In view of the above, the Panel finds that the Complainants have proven that the disputed domain name is confusingly similar to each one of the registered trademarks in which they have established rights as prescribed by paragraph 4(a)(i) of the Policy.
B. Rights or Legitimate Interests
The Panel finds that the Complainants have made a prima facie case and that the Respondent has failed to provide any element apt to demonstrate rights or legitimate interests in the disputed domain name in accordance with paragraph 4(c) of the Policy.
According to the evidence on record, Respondent is not a licensee or authorized agent of the Complainants and the Complainants have not authorized the Respondent to register or use its trademark or the disputed domain name. Indeed, also in the correspondence submitted by the Respondent regarding its prior contacts with an employee of the second Complainant, there is no reference to the disputed domain name or to an authorization given to the Respondent to use both the Complainants’ trademark as domain name. In addition, there is no evidence that the Respondent might be commonly known by the disputed domain name.
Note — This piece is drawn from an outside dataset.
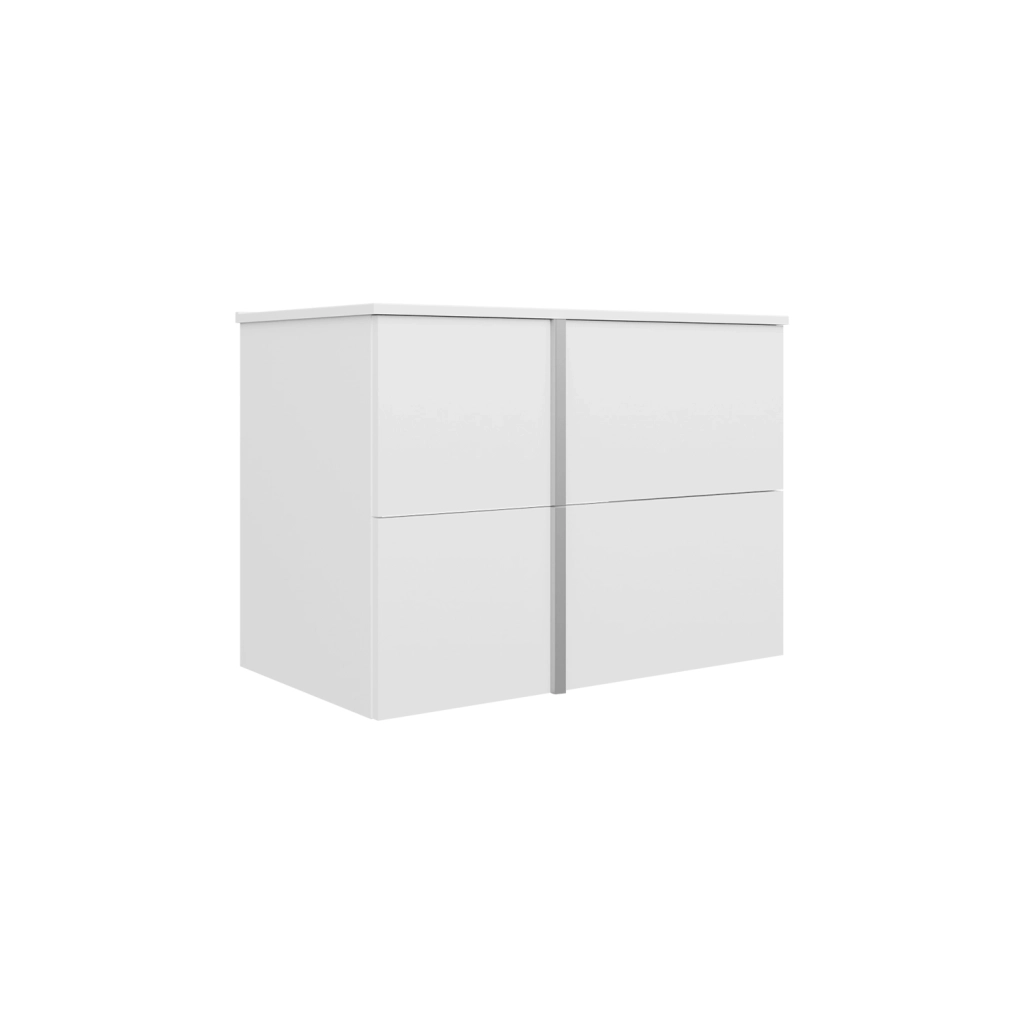 Mobile da bagno sospeso 100cm bianco lucido con lavabo in ceramica e specchio | Hoia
Based on the screenshots submitted by the Complainants, which were not contested by the Respondent, the disputed domain name was pointed, before the filing of the Complaint, to a website featuring the Complainants’ figurative trademarks and providing information about the LIBRA project, inviting users to provide their email addresses and displaying a disclaimer in the footer, in small characters, informing about the lack of affiliation with the Complainants.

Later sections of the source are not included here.